Open Spoon, click 'Tools - Repository - Import repository...', find import xml file. It is called 'pdi-operations-mart.xml' and located somewhere under '...pdi-operations-mart\etl\' path.

Import this file in repository structure in folder /public/pentaho-operations/mart'
Finally we should be able to see somthing like that:

Run two jobs:
'Fill in DIM_DATE and DIM_TIME' and then 'Update Dimensions then Logging Datamart'.

First one just creates time dimensions and data dimensions. Second one - inspects repository for  jobs and transformations, extracts information about logging outputs for every item (remember - we did set this with kettle.propreties above, but some jobs or transformations can have different log connections), then extracts information about raw logging data sources, extract it and load into star.

So we can schedule job to extract this data on some periods of time. We can also schedule  'Clean up' job which will prevent operation mart model from getting very big.

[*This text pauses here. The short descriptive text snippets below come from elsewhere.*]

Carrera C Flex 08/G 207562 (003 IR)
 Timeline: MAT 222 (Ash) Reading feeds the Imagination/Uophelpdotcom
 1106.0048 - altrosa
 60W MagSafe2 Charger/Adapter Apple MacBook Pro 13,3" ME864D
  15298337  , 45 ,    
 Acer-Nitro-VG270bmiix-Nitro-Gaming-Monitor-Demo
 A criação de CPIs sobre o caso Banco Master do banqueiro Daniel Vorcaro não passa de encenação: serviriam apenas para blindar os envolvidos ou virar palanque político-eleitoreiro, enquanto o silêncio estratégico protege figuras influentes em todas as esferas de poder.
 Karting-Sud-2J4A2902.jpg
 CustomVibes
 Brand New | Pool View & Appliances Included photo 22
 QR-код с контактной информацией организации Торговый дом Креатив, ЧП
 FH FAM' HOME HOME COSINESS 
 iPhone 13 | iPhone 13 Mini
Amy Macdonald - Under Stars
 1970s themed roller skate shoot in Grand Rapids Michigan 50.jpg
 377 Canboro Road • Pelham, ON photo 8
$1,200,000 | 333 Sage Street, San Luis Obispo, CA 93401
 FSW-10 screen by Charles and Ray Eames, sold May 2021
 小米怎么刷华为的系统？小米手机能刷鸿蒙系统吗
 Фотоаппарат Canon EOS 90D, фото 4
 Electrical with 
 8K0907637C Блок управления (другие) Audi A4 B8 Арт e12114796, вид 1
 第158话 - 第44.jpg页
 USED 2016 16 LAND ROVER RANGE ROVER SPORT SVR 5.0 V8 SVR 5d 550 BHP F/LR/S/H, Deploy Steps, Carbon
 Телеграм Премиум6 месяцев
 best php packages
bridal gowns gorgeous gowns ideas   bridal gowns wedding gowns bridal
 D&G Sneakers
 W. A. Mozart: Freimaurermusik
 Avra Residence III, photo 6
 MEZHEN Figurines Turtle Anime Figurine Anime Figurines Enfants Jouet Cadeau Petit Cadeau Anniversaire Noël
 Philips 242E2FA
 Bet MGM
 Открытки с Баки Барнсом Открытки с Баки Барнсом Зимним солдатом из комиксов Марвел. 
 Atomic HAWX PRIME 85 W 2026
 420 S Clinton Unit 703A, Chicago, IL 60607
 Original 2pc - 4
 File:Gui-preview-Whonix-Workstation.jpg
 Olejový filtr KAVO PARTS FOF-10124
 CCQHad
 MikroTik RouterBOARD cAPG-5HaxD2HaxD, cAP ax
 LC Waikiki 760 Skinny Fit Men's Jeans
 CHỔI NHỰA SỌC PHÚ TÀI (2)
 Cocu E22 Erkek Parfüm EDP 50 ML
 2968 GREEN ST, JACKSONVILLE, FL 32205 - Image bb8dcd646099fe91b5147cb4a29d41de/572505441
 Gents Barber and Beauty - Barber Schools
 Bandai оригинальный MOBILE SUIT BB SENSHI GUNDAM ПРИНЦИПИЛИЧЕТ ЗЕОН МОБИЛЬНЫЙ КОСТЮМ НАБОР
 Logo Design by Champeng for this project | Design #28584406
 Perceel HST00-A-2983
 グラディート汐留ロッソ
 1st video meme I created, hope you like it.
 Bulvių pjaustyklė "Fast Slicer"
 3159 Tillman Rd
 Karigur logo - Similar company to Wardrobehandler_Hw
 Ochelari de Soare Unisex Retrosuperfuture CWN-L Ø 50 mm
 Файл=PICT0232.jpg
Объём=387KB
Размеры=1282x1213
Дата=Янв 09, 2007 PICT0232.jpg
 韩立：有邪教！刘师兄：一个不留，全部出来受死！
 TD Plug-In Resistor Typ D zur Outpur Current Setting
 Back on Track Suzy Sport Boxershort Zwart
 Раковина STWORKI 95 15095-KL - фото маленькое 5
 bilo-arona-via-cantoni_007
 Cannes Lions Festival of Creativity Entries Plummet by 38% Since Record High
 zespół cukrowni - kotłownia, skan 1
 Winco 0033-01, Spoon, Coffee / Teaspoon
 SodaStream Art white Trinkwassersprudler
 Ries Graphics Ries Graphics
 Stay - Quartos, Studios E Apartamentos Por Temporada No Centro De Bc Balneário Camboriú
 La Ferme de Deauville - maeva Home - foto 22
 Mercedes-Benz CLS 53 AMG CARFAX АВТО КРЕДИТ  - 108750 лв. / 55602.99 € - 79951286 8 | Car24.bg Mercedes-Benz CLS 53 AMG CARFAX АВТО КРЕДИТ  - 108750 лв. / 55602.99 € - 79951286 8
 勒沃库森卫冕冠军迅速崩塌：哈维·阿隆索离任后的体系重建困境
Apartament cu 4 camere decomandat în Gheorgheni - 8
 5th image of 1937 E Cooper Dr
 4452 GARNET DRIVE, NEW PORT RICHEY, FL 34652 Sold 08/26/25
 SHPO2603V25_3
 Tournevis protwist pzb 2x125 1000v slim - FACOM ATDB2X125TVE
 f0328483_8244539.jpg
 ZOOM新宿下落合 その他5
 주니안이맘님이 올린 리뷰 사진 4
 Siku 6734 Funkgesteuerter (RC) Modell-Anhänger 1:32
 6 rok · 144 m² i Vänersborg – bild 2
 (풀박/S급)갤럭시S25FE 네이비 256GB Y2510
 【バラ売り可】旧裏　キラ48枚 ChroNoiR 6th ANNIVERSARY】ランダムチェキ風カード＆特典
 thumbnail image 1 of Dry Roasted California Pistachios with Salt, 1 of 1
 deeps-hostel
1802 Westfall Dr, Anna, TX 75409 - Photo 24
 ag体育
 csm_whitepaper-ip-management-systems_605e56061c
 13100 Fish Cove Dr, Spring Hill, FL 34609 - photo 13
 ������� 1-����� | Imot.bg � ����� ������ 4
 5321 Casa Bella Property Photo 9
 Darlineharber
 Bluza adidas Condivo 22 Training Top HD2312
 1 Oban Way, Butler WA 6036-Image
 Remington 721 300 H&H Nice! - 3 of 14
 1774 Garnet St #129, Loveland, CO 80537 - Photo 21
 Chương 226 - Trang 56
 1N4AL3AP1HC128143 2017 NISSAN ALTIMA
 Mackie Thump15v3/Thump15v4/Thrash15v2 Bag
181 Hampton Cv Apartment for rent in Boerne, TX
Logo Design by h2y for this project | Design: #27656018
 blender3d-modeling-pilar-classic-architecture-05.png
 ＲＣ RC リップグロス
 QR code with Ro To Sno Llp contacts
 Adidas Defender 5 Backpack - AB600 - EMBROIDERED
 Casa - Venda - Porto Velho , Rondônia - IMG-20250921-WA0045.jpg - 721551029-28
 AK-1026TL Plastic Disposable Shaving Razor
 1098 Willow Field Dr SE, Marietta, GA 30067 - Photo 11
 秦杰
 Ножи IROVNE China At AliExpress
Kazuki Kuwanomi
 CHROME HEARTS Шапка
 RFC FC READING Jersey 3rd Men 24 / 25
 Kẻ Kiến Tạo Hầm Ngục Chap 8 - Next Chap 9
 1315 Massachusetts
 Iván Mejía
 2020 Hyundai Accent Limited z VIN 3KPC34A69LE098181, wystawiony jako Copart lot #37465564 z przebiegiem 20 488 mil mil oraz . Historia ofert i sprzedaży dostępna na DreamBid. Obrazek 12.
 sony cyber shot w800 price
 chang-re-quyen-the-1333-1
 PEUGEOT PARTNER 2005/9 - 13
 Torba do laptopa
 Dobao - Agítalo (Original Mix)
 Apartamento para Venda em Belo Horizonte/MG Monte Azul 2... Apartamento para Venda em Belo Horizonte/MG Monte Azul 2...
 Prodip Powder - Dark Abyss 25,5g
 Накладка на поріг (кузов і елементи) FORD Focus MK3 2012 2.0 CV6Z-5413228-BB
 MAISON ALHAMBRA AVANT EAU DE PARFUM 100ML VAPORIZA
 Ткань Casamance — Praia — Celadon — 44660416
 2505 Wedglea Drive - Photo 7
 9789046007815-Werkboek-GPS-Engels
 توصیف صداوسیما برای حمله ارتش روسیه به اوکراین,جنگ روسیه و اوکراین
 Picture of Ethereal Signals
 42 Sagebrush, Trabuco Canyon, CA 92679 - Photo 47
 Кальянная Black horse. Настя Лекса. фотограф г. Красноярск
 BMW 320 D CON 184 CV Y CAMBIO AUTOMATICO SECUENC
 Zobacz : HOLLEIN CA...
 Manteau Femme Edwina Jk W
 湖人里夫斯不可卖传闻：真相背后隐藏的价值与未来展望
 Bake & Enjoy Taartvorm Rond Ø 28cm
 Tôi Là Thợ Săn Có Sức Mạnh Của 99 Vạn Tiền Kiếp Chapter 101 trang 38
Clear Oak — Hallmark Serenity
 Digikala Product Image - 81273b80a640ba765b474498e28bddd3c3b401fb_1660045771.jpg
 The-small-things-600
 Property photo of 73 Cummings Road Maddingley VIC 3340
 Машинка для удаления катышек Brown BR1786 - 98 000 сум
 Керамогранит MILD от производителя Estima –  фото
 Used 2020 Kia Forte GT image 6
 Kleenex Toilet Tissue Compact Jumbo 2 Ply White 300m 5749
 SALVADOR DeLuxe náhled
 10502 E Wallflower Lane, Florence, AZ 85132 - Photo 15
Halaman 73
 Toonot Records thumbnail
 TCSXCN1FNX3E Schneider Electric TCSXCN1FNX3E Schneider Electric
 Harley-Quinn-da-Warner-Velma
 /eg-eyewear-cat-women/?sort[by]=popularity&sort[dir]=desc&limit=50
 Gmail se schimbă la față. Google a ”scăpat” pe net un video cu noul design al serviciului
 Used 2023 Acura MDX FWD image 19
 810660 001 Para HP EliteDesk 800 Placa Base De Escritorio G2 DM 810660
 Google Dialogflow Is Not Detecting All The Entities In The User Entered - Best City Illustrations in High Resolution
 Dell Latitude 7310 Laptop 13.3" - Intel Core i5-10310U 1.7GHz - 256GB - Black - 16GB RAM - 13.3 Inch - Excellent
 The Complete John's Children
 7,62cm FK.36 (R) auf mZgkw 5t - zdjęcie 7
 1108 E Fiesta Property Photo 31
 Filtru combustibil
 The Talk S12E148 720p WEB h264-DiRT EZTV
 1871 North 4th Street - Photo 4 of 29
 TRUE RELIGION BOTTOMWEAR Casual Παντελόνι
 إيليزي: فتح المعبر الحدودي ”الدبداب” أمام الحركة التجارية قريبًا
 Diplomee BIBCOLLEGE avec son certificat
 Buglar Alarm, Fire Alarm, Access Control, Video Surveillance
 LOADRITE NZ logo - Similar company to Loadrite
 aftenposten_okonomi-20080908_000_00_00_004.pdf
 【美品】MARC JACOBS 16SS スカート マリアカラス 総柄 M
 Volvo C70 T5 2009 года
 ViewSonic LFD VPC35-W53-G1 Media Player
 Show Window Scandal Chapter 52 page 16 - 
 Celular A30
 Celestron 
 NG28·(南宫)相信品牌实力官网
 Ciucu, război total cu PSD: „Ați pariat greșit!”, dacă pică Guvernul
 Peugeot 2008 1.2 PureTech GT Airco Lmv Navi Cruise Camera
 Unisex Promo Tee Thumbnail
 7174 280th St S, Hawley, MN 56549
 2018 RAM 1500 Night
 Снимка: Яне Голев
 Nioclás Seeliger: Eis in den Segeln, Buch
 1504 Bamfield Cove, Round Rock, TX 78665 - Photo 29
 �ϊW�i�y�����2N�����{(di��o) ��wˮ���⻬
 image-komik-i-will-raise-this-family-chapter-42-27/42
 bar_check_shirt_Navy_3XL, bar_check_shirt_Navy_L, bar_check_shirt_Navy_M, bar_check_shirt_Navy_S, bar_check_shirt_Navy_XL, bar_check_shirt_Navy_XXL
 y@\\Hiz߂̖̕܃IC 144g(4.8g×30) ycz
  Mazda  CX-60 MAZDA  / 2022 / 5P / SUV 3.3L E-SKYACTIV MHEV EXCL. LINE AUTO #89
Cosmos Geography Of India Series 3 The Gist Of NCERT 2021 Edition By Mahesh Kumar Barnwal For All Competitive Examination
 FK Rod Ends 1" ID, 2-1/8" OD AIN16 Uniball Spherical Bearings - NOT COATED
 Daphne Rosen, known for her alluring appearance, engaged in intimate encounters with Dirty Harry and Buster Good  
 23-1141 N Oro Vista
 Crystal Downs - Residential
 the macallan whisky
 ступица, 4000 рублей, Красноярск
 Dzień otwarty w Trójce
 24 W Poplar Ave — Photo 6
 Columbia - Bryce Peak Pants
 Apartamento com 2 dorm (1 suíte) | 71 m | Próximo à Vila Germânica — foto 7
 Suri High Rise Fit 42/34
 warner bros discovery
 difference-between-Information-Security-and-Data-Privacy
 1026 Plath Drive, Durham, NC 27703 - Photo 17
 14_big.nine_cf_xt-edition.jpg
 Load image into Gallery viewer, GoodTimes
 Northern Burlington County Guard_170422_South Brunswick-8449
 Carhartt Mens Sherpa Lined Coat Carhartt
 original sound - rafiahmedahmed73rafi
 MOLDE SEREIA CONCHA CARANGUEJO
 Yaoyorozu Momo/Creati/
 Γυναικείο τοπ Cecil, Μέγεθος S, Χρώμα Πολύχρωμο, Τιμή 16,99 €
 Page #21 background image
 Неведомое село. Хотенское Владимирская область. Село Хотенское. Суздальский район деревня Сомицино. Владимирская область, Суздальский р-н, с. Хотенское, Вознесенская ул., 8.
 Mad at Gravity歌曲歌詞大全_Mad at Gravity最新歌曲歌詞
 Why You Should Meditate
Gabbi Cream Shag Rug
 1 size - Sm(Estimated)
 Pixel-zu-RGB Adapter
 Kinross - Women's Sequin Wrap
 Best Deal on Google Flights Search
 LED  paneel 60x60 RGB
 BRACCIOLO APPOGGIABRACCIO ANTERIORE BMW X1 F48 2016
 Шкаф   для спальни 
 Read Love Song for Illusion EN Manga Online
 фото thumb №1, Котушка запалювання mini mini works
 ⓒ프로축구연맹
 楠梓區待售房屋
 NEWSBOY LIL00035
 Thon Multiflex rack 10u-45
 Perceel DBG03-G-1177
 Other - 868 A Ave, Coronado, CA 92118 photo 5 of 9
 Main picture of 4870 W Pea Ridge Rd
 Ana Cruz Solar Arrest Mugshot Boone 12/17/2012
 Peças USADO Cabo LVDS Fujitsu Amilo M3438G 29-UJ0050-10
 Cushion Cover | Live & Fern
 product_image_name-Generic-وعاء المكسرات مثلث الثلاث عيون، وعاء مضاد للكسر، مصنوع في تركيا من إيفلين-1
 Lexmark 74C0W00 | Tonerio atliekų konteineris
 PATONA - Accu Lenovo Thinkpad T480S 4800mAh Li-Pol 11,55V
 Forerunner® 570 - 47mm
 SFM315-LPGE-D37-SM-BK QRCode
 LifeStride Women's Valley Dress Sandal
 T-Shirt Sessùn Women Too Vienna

Schedule appropriate jobs and transformation.

In result we may expect that on some time period this transformations will be executed collecting logging info and populating star model. Then we can use this model to create some reports.

Common issues installing PDI data mart is:
  1. Often some people muss with BI op mart and PDI op mart. BI op mart collects info about transformations and jobs running on BI server, while PDI op mart collects info about items running on PDI server.
  2. All connection is defined as JNDI connections - that means it is necessary to edit PDI server context.xml and web.xml to point to correct settings.
  3. On BI server reports does not show info from PDI operations mart. Note - sample reports for PDI uses predefined .xmi model to fire mdx queries - and this xmi model uses JNDI connection - so BI server have to have JNDI connection to correct PDI star schema
  4. One of most popular "Where is Oracle and MySql dialects for PDI operations mart transformations" - the answer is: Postgres, MySql and Oracle is the same! the only difference is  JNDI connection type. If you familiar with JNDI - we will get connection by interface - but for Kettle (and for other multi-db engines like mondrian) - we have to know connection type to handle db specific SQL query building. For example in mondrian DB type is discovered on a fly - for Spoon - we have to define it manually.
  5. So where is... - Just edit manually for all transformations and jobs connection type from Postgres to Oracle or MySql - after export to EE repository and only once - in repository browser - connection used for 'pentaho_operations_mart'.
  6. MySql does not have Schemas! - don't worry. Just create database called 'pentaho_operations_mart' - to be consistent with schema 'pentaho_operations_mart' - so SQL query when using Oracle or Postgres 'schema.table' will not conflict with MySql 'db.table'.
  7. Create separate user for start schema and for logging tables. Make sure this user have RW rights on this tables. Make sure if schema name is not specified - by default appropriate will be used. For example do not use 'hibuser' - since it have access to more then one schema on PostgreSQL - and if some queries in transformation will not specify schema - by default correct one will be used.
 Have a good informative PDI_Operation_Mart star models.